#### Your instructions
Within the records that follow, find every line containing the string "Laser". Copy those lines.

**** Records

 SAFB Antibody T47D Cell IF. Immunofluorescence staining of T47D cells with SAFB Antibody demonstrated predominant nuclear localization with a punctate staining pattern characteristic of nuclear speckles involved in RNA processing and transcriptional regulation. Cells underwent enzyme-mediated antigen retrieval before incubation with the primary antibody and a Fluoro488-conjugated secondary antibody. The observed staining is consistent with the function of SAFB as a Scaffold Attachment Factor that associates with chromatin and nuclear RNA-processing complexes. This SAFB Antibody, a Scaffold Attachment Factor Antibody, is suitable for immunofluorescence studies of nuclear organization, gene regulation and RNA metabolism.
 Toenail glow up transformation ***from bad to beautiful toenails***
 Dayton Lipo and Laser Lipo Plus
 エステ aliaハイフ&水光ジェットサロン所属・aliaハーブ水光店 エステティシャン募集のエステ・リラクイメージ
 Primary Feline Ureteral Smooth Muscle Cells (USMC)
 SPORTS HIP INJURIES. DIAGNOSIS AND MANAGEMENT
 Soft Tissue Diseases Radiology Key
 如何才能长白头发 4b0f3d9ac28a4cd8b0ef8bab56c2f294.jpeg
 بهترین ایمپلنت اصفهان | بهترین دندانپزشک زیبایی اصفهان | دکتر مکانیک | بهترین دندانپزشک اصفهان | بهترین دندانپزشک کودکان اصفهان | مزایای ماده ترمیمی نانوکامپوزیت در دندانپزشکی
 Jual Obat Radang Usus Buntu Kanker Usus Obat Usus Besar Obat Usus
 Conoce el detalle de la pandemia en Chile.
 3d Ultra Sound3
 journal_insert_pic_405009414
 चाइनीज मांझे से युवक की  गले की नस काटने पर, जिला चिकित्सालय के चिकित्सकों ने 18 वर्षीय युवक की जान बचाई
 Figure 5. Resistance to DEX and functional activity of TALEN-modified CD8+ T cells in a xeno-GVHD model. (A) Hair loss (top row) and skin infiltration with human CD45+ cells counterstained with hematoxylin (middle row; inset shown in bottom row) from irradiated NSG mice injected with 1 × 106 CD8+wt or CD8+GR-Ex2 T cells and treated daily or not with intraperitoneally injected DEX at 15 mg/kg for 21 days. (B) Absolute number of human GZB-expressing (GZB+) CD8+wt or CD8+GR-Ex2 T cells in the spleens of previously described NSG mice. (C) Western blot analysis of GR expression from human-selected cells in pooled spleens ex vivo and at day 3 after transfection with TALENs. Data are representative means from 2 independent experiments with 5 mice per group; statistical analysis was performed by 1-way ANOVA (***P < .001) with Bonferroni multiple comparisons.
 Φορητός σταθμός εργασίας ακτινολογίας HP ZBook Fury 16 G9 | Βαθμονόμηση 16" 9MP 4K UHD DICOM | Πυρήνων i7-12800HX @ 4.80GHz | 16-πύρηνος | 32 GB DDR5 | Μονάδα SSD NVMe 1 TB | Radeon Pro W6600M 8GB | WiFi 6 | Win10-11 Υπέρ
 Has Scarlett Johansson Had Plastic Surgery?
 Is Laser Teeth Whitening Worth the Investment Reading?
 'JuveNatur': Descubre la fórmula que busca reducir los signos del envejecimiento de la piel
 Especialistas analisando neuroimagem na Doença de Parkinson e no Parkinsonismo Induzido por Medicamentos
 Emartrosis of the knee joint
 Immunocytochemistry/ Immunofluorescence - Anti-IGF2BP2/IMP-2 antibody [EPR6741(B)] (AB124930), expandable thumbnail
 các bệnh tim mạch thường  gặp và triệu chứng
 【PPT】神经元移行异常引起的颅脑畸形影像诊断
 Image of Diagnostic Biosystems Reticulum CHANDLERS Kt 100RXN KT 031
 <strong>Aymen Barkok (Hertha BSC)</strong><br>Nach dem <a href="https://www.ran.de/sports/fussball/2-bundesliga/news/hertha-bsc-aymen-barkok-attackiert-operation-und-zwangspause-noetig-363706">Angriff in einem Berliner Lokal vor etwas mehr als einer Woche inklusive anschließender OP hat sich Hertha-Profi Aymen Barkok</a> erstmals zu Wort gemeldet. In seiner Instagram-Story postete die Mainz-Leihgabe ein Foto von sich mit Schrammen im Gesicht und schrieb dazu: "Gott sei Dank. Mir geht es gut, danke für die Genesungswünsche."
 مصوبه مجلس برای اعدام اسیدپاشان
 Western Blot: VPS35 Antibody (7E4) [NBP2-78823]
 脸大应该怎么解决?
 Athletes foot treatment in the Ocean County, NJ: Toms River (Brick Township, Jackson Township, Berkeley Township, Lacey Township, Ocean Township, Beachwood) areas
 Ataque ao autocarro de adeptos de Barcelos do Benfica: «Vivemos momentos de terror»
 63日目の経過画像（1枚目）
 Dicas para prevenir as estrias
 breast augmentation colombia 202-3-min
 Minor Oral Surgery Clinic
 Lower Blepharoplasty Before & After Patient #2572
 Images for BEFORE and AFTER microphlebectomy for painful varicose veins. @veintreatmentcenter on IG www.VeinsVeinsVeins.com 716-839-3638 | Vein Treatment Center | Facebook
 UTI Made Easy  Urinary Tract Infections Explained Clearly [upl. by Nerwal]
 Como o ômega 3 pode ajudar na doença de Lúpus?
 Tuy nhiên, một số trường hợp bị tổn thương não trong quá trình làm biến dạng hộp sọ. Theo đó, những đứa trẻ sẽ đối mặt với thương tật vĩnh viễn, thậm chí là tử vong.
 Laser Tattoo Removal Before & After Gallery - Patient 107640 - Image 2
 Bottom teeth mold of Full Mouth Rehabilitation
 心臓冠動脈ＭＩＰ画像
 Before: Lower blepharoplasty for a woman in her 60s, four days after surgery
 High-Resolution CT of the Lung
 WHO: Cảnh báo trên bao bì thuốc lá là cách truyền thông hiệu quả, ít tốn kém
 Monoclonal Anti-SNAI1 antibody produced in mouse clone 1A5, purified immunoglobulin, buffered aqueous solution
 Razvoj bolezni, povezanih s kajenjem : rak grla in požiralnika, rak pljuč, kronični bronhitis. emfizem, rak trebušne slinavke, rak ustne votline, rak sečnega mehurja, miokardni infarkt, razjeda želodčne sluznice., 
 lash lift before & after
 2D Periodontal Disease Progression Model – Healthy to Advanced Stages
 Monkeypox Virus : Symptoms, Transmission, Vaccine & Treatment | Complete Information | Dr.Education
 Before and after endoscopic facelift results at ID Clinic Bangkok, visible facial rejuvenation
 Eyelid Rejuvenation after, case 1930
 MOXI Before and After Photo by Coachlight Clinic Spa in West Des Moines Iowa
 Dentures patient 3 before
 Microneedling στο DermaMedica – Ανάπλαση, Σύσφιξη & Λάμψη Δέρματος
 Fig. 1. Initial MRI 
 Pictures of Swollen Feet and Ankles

********

#### Solution
 Dayton Lipo and Laser Lipo Plus
 Is Laser Teeth Whitening Worth the Investment Reading?
 Laser Tattoo Removal Before & After Gallery - Patient 107640 - Image 2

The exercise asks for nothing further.